こちらは、第3四半期累計9ヶ月間の実績となります。

事業別 売上高増減

続きまして、売上高の増減要因を、増減額が大きい売上開示事業単位で説明させていただきます。

為替影響を除く実質ベースで見ますと、新規連結による食品流通、車載事業の伸長によるエナジー、オートモーティブ、洗濯機などの白物家電が堅調に推移したメジャーが増収をけん引いたしました。

一方、欧州でテレビ事業の販売苦戦が強いられたAV事業などでは、減収となりました。

調整後営業利益増減分析

次に、調整後営業利益の増減要因をご説明いたします。

新規連結の影響に加え、実質ベースでの増販や材料合理化等が増益に貢献しました。しかしながら、将来成長に向けた先行投資を含む固定費の増加や為替影響により、全体としては154億円減益の1,076億円となりました。

事業別 調整後営業利益増減

こちらの表は、売上開示事業単位で調整後営業利益の増減要因を示したものであります。

車載・産業向けの売上が伸びたインダストリアル、収益性が改善しているAV事業、北米での販売体制強化に取り組んだモビリティなどが増益に貢献しました。

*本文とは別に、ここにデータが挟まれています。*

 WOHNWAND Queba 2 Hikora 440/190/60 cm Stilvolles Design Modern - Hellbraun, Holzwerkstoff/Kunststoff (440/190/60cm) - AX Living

一方、エナジーシステムや、インバウンド事業減速の影響を受けたスモール・ビルトインなどでは、減益となりました。

営業利益・当期純利益

こちらは、営業利益と当期純利益であります。

その他の損益は、前年に訴訟関連費用などを計上していたことから、199億円良化のマイナス100億円。営業利益は45億円増益の976億円となりました。

税引前利益は、27億円増益の974億円。親会社の所有者に帰属する当期純利益は、158億円増益の640億円となりました。

セグメント別実績

続いて、セグメント別の実績でございます。

各セグメントの詳細はのちほどご説明いたしますが、第3四半期3ヶ月の実績はご覧のとおりとなっております。

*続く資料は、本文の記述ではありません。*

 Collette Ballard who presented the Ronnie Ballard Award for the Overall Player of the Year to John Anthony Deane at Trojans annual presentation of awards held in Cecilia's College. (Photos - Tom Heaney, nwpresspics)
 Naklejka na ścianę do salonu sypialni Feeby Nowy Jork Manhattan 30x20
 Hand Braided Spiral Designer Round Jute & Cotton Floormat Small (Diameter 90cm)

続きまして、こちらは第3四半期(累計)、9ヶ月間の実績でございます。

アプライアンス(製販連結)

では、最初にアプライアンス、製販連結ベースの実績です。

引き続き国内家電は堅調に推移し、業界以上の需要を刈り取ることができ、国内シェアは第3四半期までの累計で、前年比で約1ポイント上昇しております。一方、海外の欧州などでは苦戦をしております。売上高は為替影響を除く実質ベースで前年同期比104パーセントの増収となりました。

事業別では、エアコンは日本では販売を伸ばしたものの、アジアや欧州で苦戦し、減収。メジャー事業は日本およびアジアで洗濯機、冷蔵庫が堅調に推移し、増収。AV事業は、4Kテレビが日本では好調でしたが、欧州市場での苦戦が影響し、全体では減収。

セグメント利益は、洗濯機や冷蔵庫等のメジャー事業による増販益、白物家電や4Kテレビ等の高付加価値商品シフトによる収益性改善、新規連結効果等により増益となりました。今後も業界以上の成長を図るとともに、高付加価値商品へのシフトにより収益性も改善してまいりたいと思います。

エコソリューションズ

次にエコソリューションズです。

第3四半期の国内の住宅着工は前年を上回る傾向にありますが、ソーラーの国内住宅向け市場の縮小により、厳しい状況が継続しております。売上高は、為替の影響を除く実質ベースで前年同期比で99パーセント。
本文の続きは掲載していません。